Il se rappelle également du « choc pour la famille », alors qu’il était encore adolescent, à l’annonce de l’assassinat de son oncle, abattu en mai 1994 dans sa bibliothèque de la Casbah d’Alger. « Tout le monde était conscient des risques mais ce fut le premier religieux (chrétien) à être assassiné en Algérie », souligne-t-il.
-Monseigneur Pierre Claverie, par son vicaire général le père Thierry Becker
Le principal souvenir que garde le père Thierry Becker, curé d’Oran depuis 1962, de Monseigneur Pierre Claverie, alors évêque d’Oran, c’est « la manière dont il parlait avec vérité et humilité ». Mgr Claverie « savait accueillir tout le monde et chaque personne qu’il accueillait était la plus importante de la journée », explique celui qui fut son vicaire général (adjoint) pendant sept ans et jusqu’à sa mort.

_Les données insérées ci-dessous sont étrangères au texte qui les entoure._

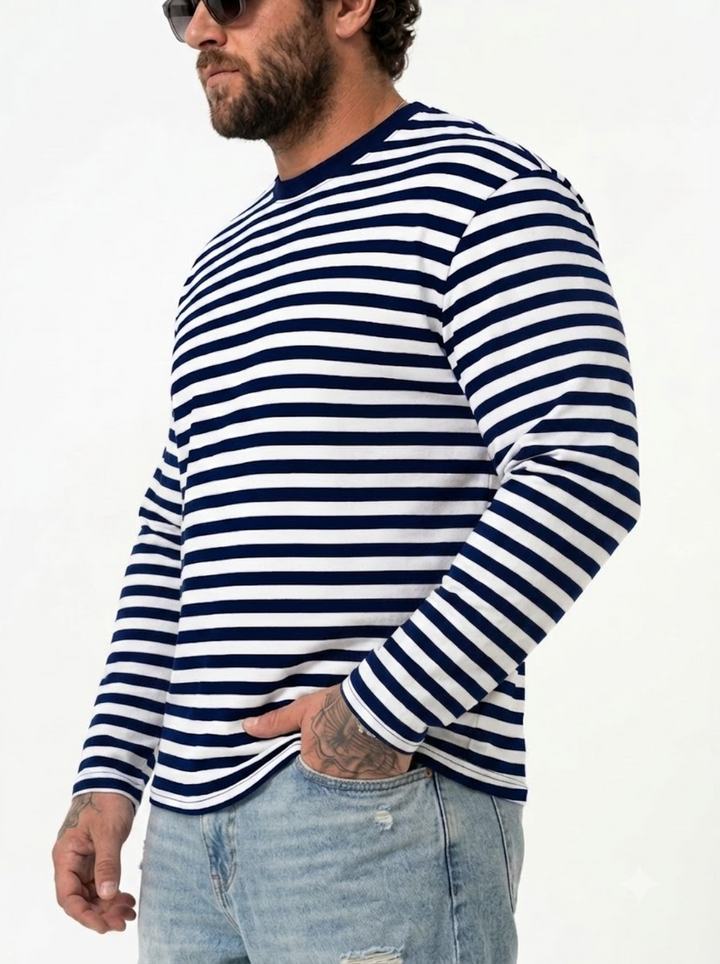 PLUS SIZE MEN STRIPER T-SHIRT | XL-7XL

« Il disait que nos mots sont empreints de toute une histoire (franco-algérienne) qui les déforme », mais pour lui, « il ne s’agissait pas de mettre de côté ce qui nous sépare, mais de s’accueillir les uns les autres avec respect ». Le curé de 84 ans se souvient que « bien sûr, on avait peur, à l’époque » de la guerre civile en Algérie, mais « l’expérience montre qu’il y a une force plus forte que la peur, pour nous c’est la présence du Seigneur Jésus dans notre vie ».
Comme Mgr Claverie, le père Becker n’a lui non plus « jamais » pensé à partir: « Pourquoi aurais-je dû quitter ceux auprès de qui je me suis engagé alors qu’eux sont dans la détresse? »

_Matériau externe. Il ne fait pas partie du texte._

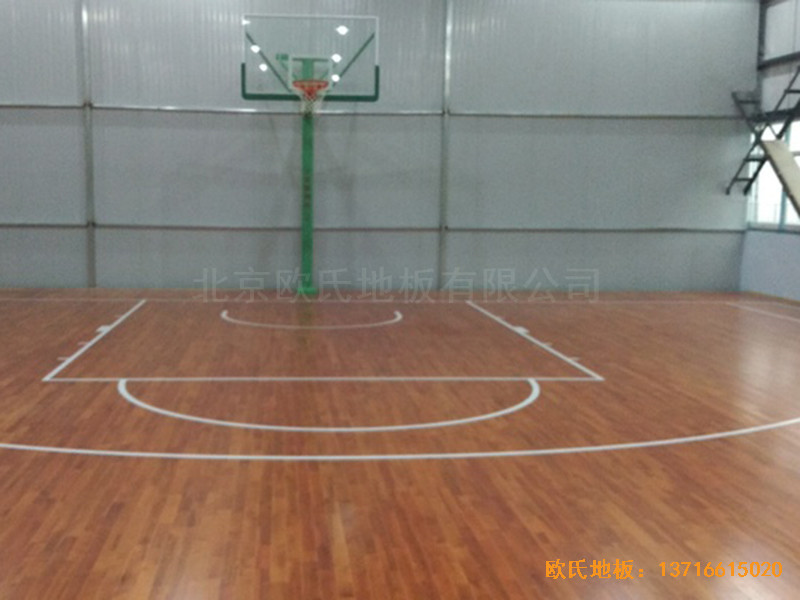 南京江寧區籃球俱樂部體育木地板施工案例5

-Frère Christophe, moines de Tibéhirine, par la sœur Bénédicte de la Croix
Le père Victor Bourdeau, 82 ans, fut le père-maître (le responsable des novices) du frère Christophe, un des moines de Tibéhirine, lors du noviciat de ce dernier à Tamié, abbaye cistercienne des Alpes françaises. « Christophe, c’était un passionné: en 1968 il a abandonné la religion entièrement, avant d’y revenir, entièrement », à travers les pauvres et l’abbé Pierre, se souvient-il. « Quand il faisait quelque chose il le faisait entièrement ».

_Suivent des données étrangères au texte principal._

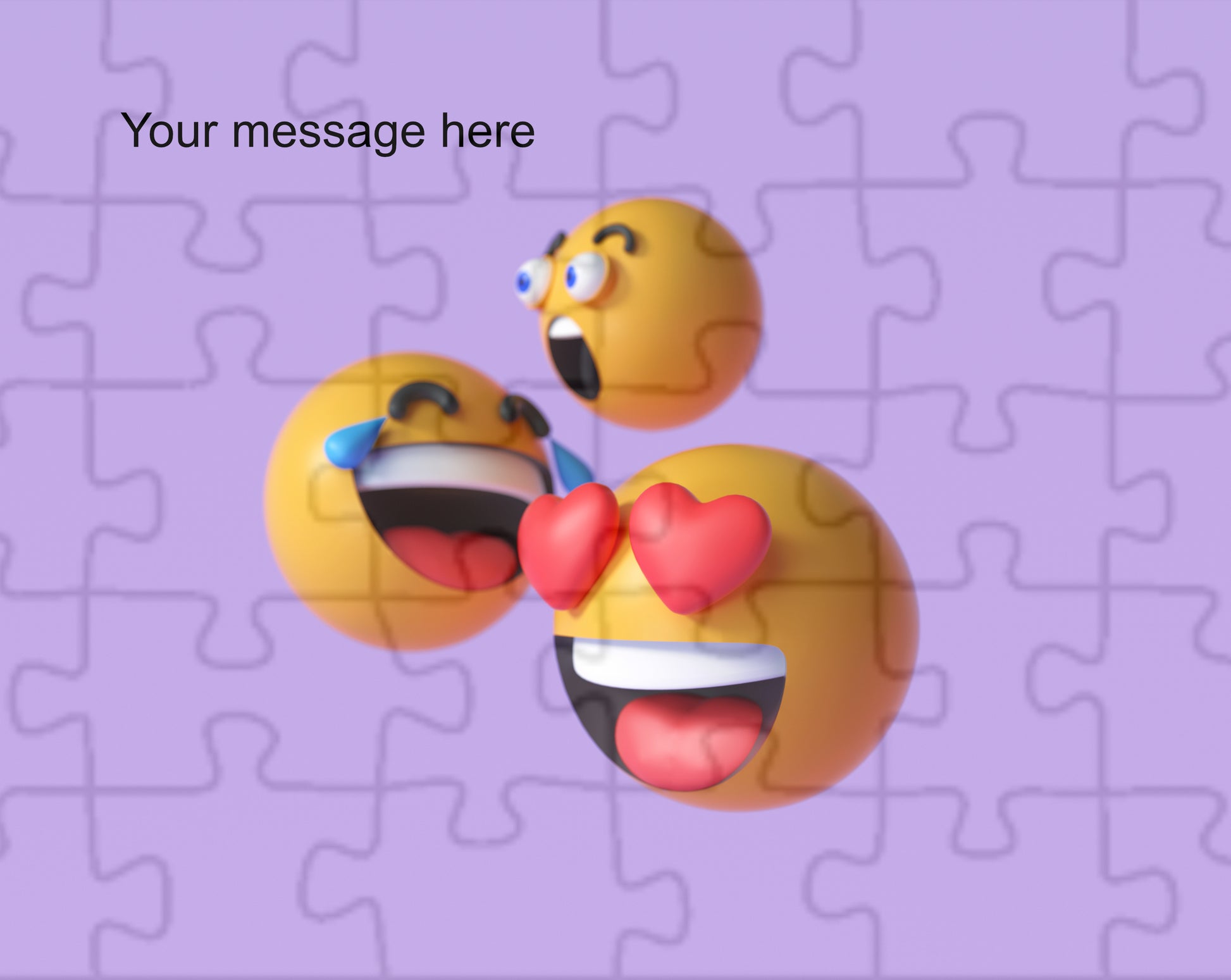 customised puzzle - Emoji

« Ce qui me rattache à lui, c’est d’être resté avec les populations dans des épisodes de violences », estime le père Bourdeau qui a connu la violence dans l’est de la République démocratique du Congo (RDC) en 1996, « année de l’assassinat » de Christophe, note-t-il. « Pour les frères, ce n’est pas de l’héroïsme, quand on vit avec une population qui souffre, on reste avec elle », affirme celui qui est désormais abbé de Tamié.
A ses côtés, se tient sœur Bénédicte de la Croix, 60 ans. Alors qu’elle était professeure de philosophie, cette Cistercienne est « entrée en religion » en 2000 après avoir « rencontré les écrits de Frère Christophe », auteur d’une abondante correspondance et de poèmes.
Frère Christophe était « un homme amoureux de Dieu », dit-elle. « D’habitude les hommes ont dû mal à le dire, par pudeur, lui le disait ouvertement ». « C’est devenu mon grand frère », confie-t-elle dans un grand sourire.